While North Korean officials project “into the domain of IT” that they are “trying to cooperate with the West, and work hand in hand,” Lechtik says, “they are at the same time doing these shady operations and [building] their products on shady practices.”

And because its interface is in Korean, there’s little doubt, says Michael Kajiloti, Check Point’s malware research team leader, that “SiliVaccine is targeted [at] North Korean citizens.”

Whether North Korean coders designed the software to spy on North Korean citizens living within the country’s borders, on the estimated 50,000 to 100,000 North Koreans who live outside its borders—or both—however, remains unclear.

North Korea greatly restricts its citizens’ access, physically and digitally, to the outside world. They have no global Internet access but rather a carefully curated intranet, Lechtik says. So why would Kim Jong Un want (or need) to spy on their Internet activity? And would he have reason to protect them via antivirus software from outside hackers or online exploitations?

How SiliVaccine works. Image courtesy Check Point

“There is a phenomenon of smuggling media content into North Korea,” Lechtik says. North Korean citizens “are getting USB sticks or CDs with different kinds of media,” he says, “such as South Korean soap operas and TV shows.” And Pyongyang may well fear that smuggled foreign media is “an attack vector on their network.”

The unmasking of SiliVaccine’s origins underscores problems with controlling the computer code supply chain, says Leo Taddeo, chief information security officer at cybersecurity company Cyxtera.

“Threat actors use malware in general to collect information, and the various social-engineering techniques to implant that malware are common,” says Taddeo, who once led special operations at the Cyber Division of the FBI’s New York office. “We shouldn’t be surprised that this is yet another cyberattack tool that is masked as having a benevolent purpose.”

Kim Jong Un’s regime likely uses SiliVaccine to spy on North Korean expats, in addition to citizens living within the country, North Korea expert Bruce Bennett says.

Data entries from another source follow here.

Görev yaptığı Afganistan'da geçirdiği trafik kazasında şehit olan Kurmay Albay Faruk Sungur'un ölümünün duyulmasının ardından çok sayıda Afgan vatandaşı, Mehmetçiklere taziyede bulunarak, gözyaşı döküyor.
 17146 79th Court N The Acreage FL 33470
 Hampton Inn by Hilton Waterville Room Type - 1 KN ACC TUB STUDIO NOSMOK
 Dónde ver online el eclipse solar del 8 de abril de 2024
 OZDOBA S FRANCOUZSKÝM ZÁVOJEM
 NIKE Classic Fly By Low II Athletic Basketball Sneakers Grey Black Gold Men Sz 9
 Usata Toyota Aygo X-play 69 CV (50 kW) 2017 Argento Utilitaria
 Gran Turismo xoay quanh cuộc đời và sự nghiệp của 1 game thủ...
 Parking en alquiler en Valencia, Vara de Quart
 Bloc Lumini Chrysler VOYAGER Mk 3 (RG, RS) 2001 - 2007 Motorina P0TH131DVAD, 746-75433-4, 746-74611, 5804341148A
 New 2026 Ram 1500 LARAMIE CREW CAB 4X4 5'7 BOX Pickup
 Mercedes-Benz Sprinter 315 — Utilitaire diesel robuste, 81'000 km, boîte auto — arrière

“To spy on their people is the nature of North Korea,” says Bennett, the senior international and defense researcher for RAND Corp. He notes that life in North Korea is so restricted that it’s a criminal offense for North Koreans to partake of South Korean music and arts, something Kim Jung Un did in April with impunity, so it’s not surprising to him that Pyongyang would produce spyware masquerading as an antivirus program.

A “normal North Korean citizen” living in or visiting South Korea would have faced a minimum one-year prison sentence for attending a similar concert, Bennett says—not to mention for smuggling a recording of it into North Korea. Simply put, “Kim Jung Un doesn’t want outside information getting into the North.”